Comment by bayindirh

7 days ago

It took longer than I planned, sorry. But here we go:

When you look at proper research, whether from academia or from private corporations, you can always keep track of ideas and intellectual property resulting from these ideas. Ideas are mature into documents, research reports, and proof of concepts. In some cases, you can find the process as Lab Notebooks. These notebooks are kept by respecting a protocol, and they’re more than a collection of ideas. It’s a “brain trail”. Then, you publish or patent these ideas. Ideally both. These artifacts (publications and patents) contain references and citations. As a result, you can track who did what and what came after what invention. In a patent case, you may even need to defend your patent to convince that it’s not the same invention that was patented before. In short, you have a trail. There are no blurry lines there.

The thing is, copyright law and the idea of intellectual property are created by humans for humans. First, I’ll ask this question: If an instructor or academic is not allowed to teach a course without providing references, whether to the book itself or the scientist who invented something, why is a bot allowed? Try citing a piece of a book/publication in a course or paper or research without giving a reference, and you’re officially a fraud, and your whole career is in shambles. Why a bot is allowed to do this, let it be a book or a piece of code? For the second perspective, I’ll ask a pair of questions: 1) How many of the books you have read can be recalled by you exactly, or as a form of distilled summary? 2) For how long can you retain this information without any corruption whatsoever? 3) How many books can you read, understand, summarize, and internalize in an hour? A bot can do thousands without any corruption and without any time limit. As a result, an LLM doesn’t learn; it ingests, stores, and remixes.

A human can’t do that to a book (or any artifact) if its license doesn’t allow it or its creator gives explicit consent. Why can a bot? An LLM is a large stochastic blender that tends to choose correct words due to its weighted graph. A human does it much differently. It reads, understands, and lets that idea cook by mixing with their own experience and other inputs (other people, emotions, experiences, and more) and creates something unique outside the graph. Yet this creation has its limits. No machine can create something more complex than itself. An LLM can never output something more complex than the knowledge encoded in its graph.
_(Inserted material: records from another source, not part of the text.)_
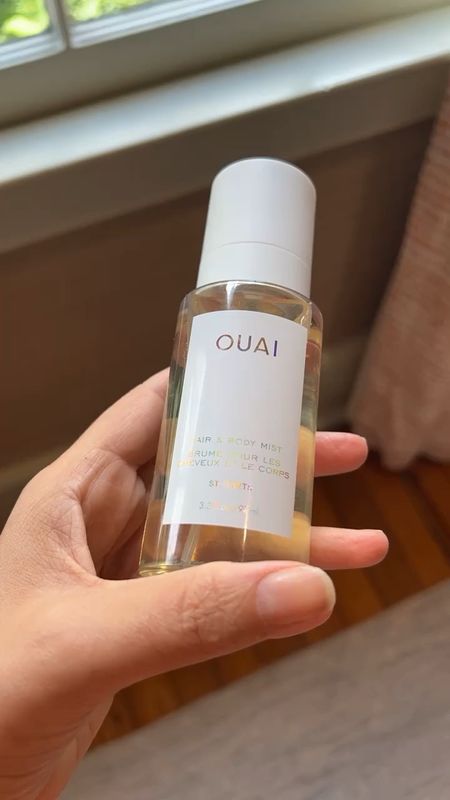I love this fragrance from the ouai! The best beachy hair and body mist. Orange blossom, tuberose musk... it's heaven. @sephora #ad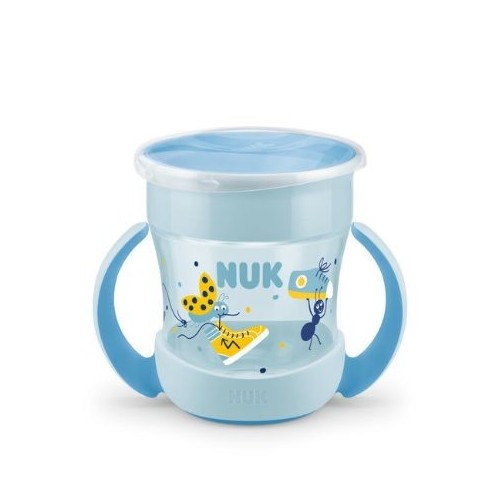 Nuk Mini Magic Cup  Drikkekop  Lyseblå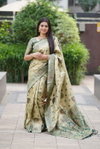Pure Silk Heritage Vol 05 Soft Tissue Silk Saree Wholesalers In Delhi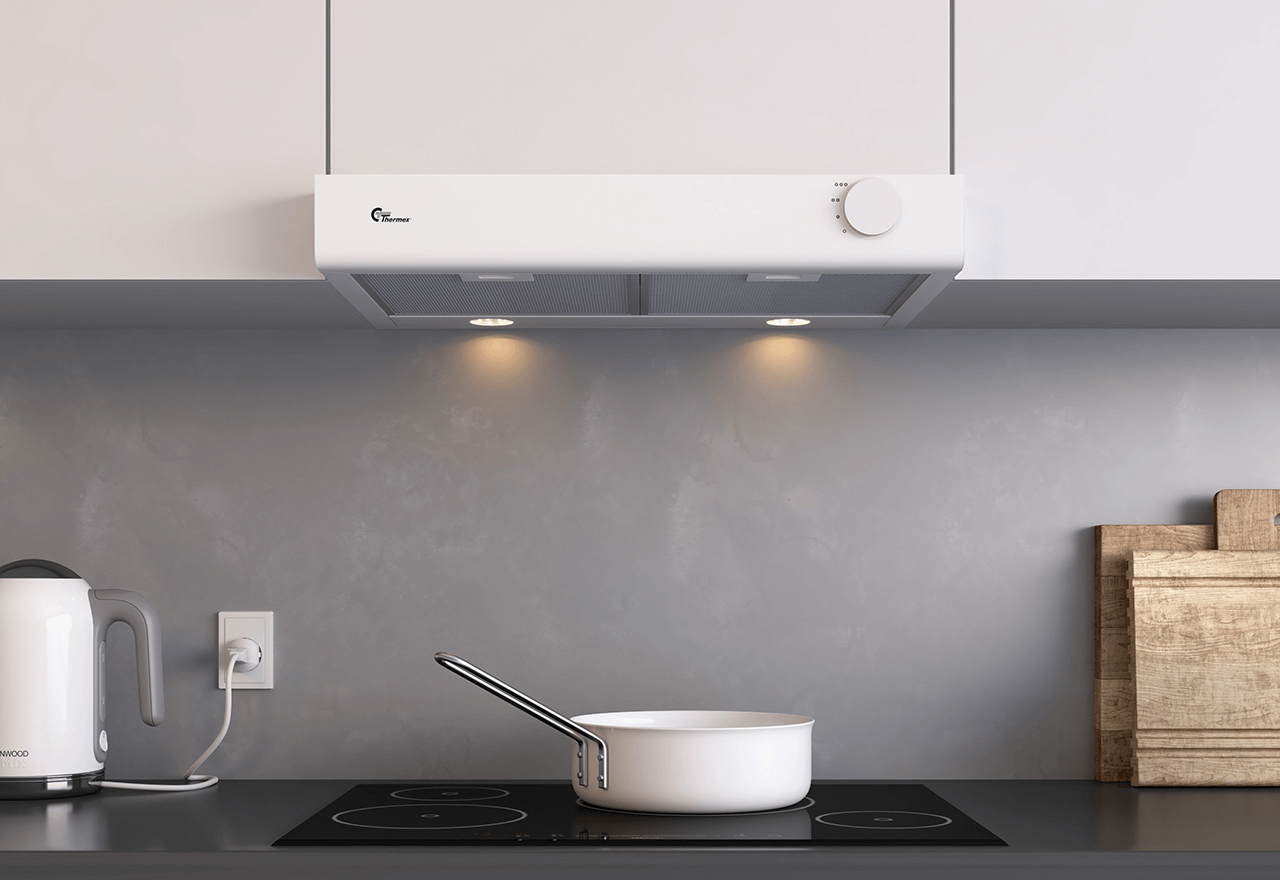 Manchester Smart 600 mm White With motor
It might light dark corners, but it can’t expand borders. The asymptotic limit is collective human intelligence, even if you give it tools.

So, yes, the IP law is showing its cracks because it’s designed for humans, not bots. However, I value ethics above everything else. My ethics is not defined by laws but by something much higher. As I replied to someone, “I don’t need to be threatened to be burned for all eternity to be good.” Similarly, I don’t need a law to deem something (un)ethical. If what’s done is against the spirit of humanity, then it’s off-limits for me.

I’d never take something without permission and milk it for my own benefit, esp. if the owner of that thing doesn’t consent. I bought all the software I pirated when I started to earn my own money, and I stopped using software that I couldn’t afford or didn’t want to buy. This is the standard I’m operating at, and I hold all the entities I interact with to that exact standard. Lower than this is unacceptable, so I don’t use LLMs and popular LLMs.

On the other hand, not all AI is the same, and there are other good things that I support, but they are scientific tools, not for consumers directly.